Optimal conditions for in vivo induction of dopaminergic neurons from embryonic stem cells through stromal cell-derived inducing activity



A method of inducing dopamine (DA) neurons from mouse embryonic stem (ES) cells by stromal cell-derived inducing activity (SDIA) was previously reported. When transplanted, SDIA-induced DA neurons integrate into the mouse striatum and remain positive for tyrosine hydroxylase (TH) expression. In the present study, to optimize the transplantation efficiency, we treated mouse ES cells with SDIA for various numbers of days (8–14 days). SDIA-treated ES cell colonies were isolated by papain treatment and then grafted into the 6-hydroxydopamine (6-OHDA)-lesioned mouse striatum. The ratio of the number of surviving TH-positive cells to the total number of grafted cells was highest when ES cells were treated with SDIA for 12 days before transplantation. This ratio revealed that grafting cell colonies was more efficient for obtaining TH-positive cells in vivo than grafting cell suspensions. When we grafted a cell suspension of 2 × 105, 2 × 104, or 2 × 103 cells into the 6-OHDA-lesioned mouse striatum, we observed only a few surviving TH-positive cells. In conclusion, inducing DA neurons from mouse ES cells by SDIA for 12 days and grafting cell colonies into mouse striatum was the most effective method for the survival of TH-positive neurons in vivo. © 2002 Wiley-Liss, Inc.

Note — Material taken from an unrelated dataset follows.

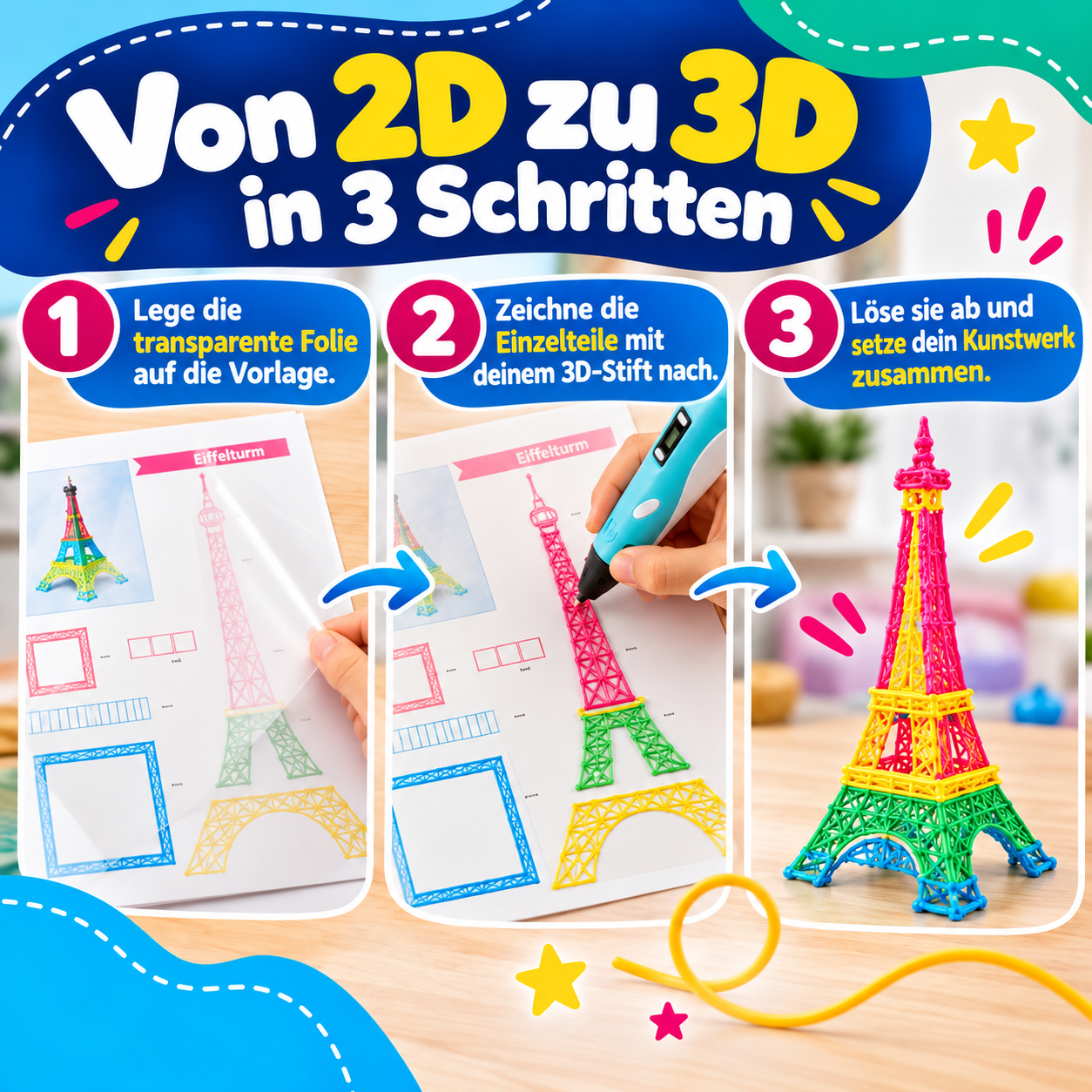 Von 2D zu 3D in 3 Schritten mit dem Schablonenbuch 2026 Edition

As cell biotechnology develops, cell transplantation therapy is becoming one of the promising treatments for a number of diseases and conditions, including burns, retinitis pigmentosa, and Parkinson's disease (PD). As a source for transplantation, cells derived from patients, human fetuses, and other species such as pigs have been used clinically.

Among neurological diseases, PD is considered to be a good target for cell transplantation. It is a degenerative disorder characterized by a loss of midbrain dopaminergic neurons (DA neurons), with a subsequent reduction in striatal dopamine content. For the replacement of degenerated DA neurons, ventral midbrain cells of human fetuses have been transplanted into the striatum of PD model animals, and this procedure has resulted in the recovery of function by restoration of dopaminergic neurotransmission in the striatum (Brundin et al., 1988b; Olanow et al., 1996). Furthermore, open-label and double-blind, placebo-controlled clinical trials have demonstrated beneficial effects of bilateral intrastriatal nigral grafts, such as increased [18F]DOPA uptake, improvement of Unified Parkinson's Disease Rating Scale (UPDRS) motor score, and decreased therapeutic dosage of L-DOPA (Freed et al., 2001). These clinical outcomes provide a rationale to cell transplantation therapy for PD. However, because of the limited availability of human fetal tissues and ethical problem regarding their use, other sources for donor tissues have been explored. In this context, neural stem cells and embryonic stem (ES) cells have appeared as possible candidates.

Recently, two groups reported methods for generating DA neurons from ES cells in vitro. Lee et al. (2000) reported multistep induction of DA neurons, i.e., the formation of embryoid bodies and expansion of nestin-positive cells, followed by treatment with laminin, fibroblast growth factor (FGF)-2, FGF8, and Shh-N. Kawasaki et al. (2000) reported an induction of DA neurons by stromal cell-derived inducing activity (SDIA) by culturing ES cells on PA6, a bone marrow-derived stromal cell line. This induction of DA neurons by SDIA has proved also to be applicable to primate ES cells (Kawasaki et al., 2002).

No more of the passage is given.